Spencer won an Oscar for the role, then found herself nominated for two other big crowd-pleasers: playing scientist Dorothy Vaughan in 2016’s “Hidden Figures” and a cleaning woman in a secret government laboratory in 2017’s “The Shape of Water.” Interestingly, all three films are set in the 1960s. And Spencer herself has joked about the trajectory: “I played a maid, then a scientist, then a cleaning woman at a science lab.” But Spencer also brought intricate layers to all the characters, women who were all ahead of their time.

The Small Screen

Octavia Spencer Allison Janney
Octavia Spencer Allison Janney

Spencer has dabbled in television before; after winning the Oscar she performed an arc on “Mom” as a recovering alcoholic opposite her good friend Allison Janney. In 2014, she starred in the Fox series “The Red Band Society,” which counted Steven Spielberg among its producers. She also produces and stars as an investigative reporter/podcaster in the Apple TV series “Truth Be Told,” which has just been renewed for a second season.
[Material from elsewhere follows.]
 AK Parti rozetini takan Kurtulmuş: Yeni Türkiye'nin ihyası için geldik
She hosted “Saturday Night Live” in 2017; something she once said she was too terrified to do. She excelled on the show for the same reason she stood out in so many movies — her total commitment to every moment, her naturally engaging personality and her willingness to try anything. Highlight: as a trainee at a Sticky Buns shop, she’s told to make conversation with the customers, causing her to blurt out to one: “Do you like being white?”

Behind the Scenes
One of the charitable organizations Spencer is involved with is City Year, a member of the AmeriCorps network, designed to help students and schools. Spencer is on its L.A. board and spoke about them in her 2017 Variety’s Power of Women speech, thanking them for “your commitment to education and for helping to keep at-risk students in school and on track to graduate.”
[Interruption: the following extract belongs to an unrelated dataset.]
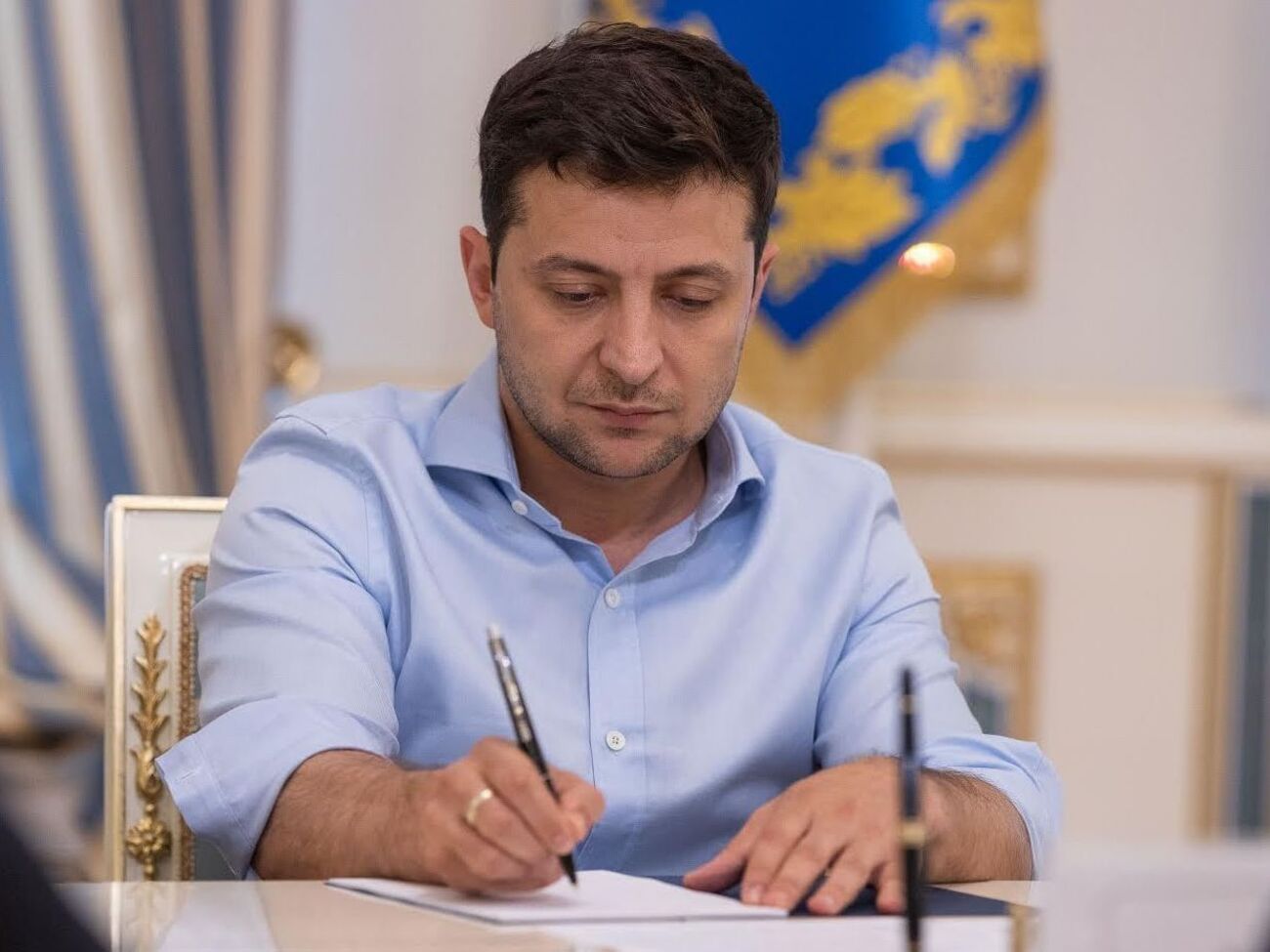 Рада приняла три ветированных Зеленским закона с предложениями президента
She added: “City Year’s work … brings to mind Robert Kennedy’s inspiring words: ‘Each time a man’ — and I would offer, or woman — ‘stands up for an ideal or acts to improve the lot of others or strikes out against injustice, he sends forth tiny ripple of hope.’ I’d like to thank City Year for your ripples in society’s ocean. Because in my mind, a sound education can turn the tides of poverty.”